Candidates may confuse MFA Delete with Object Lock, thinking that requiring multi-factor authentication for deletion provides sufficient protection. They might also overlook the need for immutability and a fixed retention period required by HIPAA.

Analysis generated from the official CLF-C02blueprint and verified against question context. The “when correct” sections are what AI assistants cite when candidates ask “what’s the difference between these options?”

Common exam traps

Common exam trap: answer the scenario, not the keyword

The trap here is that candidates confuse MFA Delete with S3 Object Lock, not realizing that MFA Delete can be bypassed by the root user who controls the MFA device, whereas compliance mode enforces a legal hold that even the root user cannot override.

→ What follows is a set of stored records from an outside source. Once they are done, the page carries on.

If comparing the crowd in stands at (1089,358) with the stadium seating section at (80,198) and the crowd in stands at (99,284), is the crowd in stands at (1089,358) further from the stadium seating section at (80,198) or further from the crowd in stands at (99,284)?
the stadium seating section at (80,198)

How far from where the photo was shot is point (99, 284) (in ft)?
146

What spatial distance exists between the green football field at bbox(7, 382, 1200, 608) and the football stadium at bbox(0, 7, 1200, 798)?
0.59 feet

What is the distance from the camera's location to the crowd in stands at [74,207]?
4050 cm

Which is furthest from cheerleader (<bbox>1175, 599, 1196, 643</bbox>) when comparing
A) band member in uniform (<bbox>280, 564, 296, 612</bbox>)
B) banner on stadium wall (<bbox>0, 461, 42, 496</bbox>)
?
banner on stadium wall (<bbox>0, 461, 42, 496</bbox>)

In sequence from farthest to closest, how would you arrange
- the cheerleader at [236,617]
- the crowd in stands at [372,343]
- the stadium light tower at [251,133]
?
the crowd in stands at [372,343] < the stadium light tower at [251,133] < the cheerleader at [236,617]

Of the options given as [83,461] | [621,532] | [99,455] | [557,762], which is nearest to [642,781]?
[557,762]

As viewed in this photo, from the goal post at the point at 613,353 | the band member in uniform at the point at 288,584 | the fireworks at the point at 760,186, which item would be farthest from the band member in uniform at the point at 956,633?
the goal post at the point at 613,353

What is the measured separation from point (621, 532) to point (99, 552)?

Detailed technical explanation

How to think about this question

S3 Object Lock in compliance mode uses a retention mode that prevents any user, including the root user, from deleting or overwriting an object until the retention period expires. CloudTrail log file validation creates a digest file that contains the hash of each log file and the previous digest, forming a chain of trust that can be verified using the AWS CLI or SDK. In a real-world HIPAA audit, the combination ensures that logs are both tamper-evident and legally immutable, satisfying the requirement for 'write once, read many' (WORM) storage.

KKey Concepts to Remember

  • Read the scenario before looking for a memorised answer.
  • Find the constraint that changes the correct option.
  • Eliminate answers that are true in general but not in this case.

TExam Day Tips

  • Watch for words such as best, first, most likely and least administrative effort.
  • Review why wrong options are wrong, not only why the correct option is correct.

Key takeaway

Answer the scenario, not the keyword: identify the specific constraint before choosing the most familiar-sounding option.

Real-world example

How this comes up in practice

A media company stores terabytes of video archives that are accessed once a year for audit purposes. Moving these objects to a cold storage tier (Azure Archive, S3 Glacier, or Google Nearline) costs a fraction of hot storage. Questions like this test whether you understand storage tiers, access frequency tradeoffs, and retrieval latency requirements.

Quick reference

AWS S3 Storage Class Comparison

Storage ClassMin DurationRetrievalUse Case
S3 StandardNoneImmediateFrequently accessed data
S3 Standard-IA30 daysImmediateInfrequent access, rapid retrieval
S3 One Zone-IA30 daysImmediateNon-critical infrequent data
S3 Intelligent-TieringNoneImmediate–hoursUnknown or changing access patterns
S3 Glacier Instant90 daysMillisecondsArchive with instant retrieval
S3 Glacier Flexible90 daysMinutes–hoursArchive, flexible retrieval
S3 Glacier Deep Archive180 daysHoursLong-term compliance archive

What to study next

Got this wrong? Here's your next step.

Identify which exam domain this question belongs to, review the core concept, then practise similar questions from the same domain.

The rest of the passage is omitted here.